# What Book are You Reading Now?



## ledmitter (Apr 14, 2012)

*The Gift of Fear*
http://www.amazon.com/dp/0440508835/?tag=cpf0b6-20

Wow. That first chapter was riveting.


----------



## StarHalo (Apr 14, 2012)

_A Tale of Two Cities_ (yes, really), _Drift_ by Rachel Maddow, _The Postmoral_ by Drew Magary, _The Second Book of The Tao_ by Stephen Mitchell.

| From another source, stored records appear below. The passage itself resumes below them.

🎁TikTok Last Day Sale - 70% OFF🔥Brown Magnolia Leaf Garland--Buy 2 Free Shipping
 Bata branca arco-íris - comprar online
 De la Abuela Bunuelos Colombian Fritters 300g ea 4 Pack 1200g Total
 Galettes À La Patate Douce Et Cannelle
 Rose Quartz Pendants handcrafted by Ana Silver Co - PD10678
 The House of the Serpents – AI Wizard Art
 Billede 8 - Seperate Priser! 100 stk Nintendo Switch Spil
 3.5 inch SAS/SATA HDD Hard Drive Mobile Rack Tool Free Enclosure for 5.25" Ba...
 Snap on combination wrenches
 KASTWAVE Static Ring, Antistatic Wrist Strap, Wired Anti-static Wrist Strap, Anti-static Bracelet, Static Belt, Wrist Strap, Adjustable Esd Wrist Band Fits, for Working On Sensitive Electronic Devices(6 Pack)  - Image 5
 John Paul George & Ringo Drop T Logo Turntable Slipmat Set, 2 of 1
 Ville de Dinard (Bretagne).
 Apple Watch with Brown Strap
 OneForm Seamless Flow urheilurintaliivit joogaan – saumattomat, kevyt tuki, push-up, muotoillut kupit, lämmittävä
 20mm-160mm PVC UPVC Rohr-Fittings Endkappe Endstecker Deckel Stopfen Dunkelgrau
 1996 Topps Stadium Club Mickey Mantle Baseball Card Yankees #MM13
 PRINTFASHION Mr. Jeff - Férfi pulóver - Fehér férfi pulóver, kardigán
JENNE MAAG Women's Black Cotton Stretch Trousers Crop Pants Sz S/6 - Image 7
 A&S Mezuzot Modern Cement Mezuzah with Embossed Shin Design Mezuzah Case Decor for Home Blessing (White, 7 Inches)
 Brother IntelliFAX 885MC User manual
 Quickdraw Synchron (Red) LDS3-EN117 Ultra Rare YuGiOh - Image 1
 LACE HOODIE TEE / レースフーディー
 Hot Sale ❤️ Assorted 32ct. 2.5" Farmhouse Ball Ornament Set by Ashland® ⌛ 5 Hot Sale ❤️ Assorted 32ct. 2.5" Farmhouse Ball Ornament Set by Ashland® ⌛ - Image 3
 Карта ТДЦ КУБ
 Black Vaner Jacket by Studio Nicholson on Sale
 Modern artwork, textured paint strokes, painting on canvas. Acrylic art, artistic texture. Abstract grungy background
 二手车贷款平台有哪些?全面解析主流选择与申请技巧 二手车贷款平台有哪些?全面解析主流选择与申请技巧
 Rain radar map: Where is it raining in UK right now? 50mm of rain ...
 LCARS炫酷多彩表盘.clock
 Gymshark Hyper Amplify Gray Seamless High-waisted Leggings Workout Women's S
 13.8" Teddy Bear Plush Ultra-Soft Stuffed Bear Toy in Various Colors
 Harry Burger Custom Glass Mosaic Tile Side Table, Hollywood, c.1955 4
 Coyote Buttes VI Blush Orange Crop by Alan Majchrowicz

Don't forget to recommend a book for the season in the Recommend A Book thread..


----------



## buds224 (Apr 14, 2012)

Arguing with Idiots.


----------



## välineurheilija (Apr 14, 2012)

Frozen hell.


----------



## RBR (Apr 14, 2012)

.....


----------



## yota4by4 (Apr 14, 2012)

Digital Photography by Scott Kelby
Understanding Exposure by Brian Peterson


----------



## robolight (Apr 14, 2012)

Blue Remembered Earth. Alistair Reynolds

The official illustrated NHL History. Arthur Pincus

ThrowModo. A history of Indonesian Komodo Dragon Throwing. Tirso Yap
Apparently Komodo Dragon Throwing has been a sport for ages.
Fascinating reading.


----------



## PCC (Apr 14, 2012)

_The Hobbit_


----------



## Flying Turtle (Apr 17, 2012)

Just started "Leviathans of Jupiter" from Ben Bova, a prolific writer of decent SciFi.

Geoff


----------



## walterr839 (Apr 17, 2012)

Coup D'etat Ben Coes


----------



## 5S8Zh5 (Mar 31, 2020)

since i haven't watched tv in more than a decade, there's lots of time to read. just finished. [ < goodreads book link, source of below description by the Author ]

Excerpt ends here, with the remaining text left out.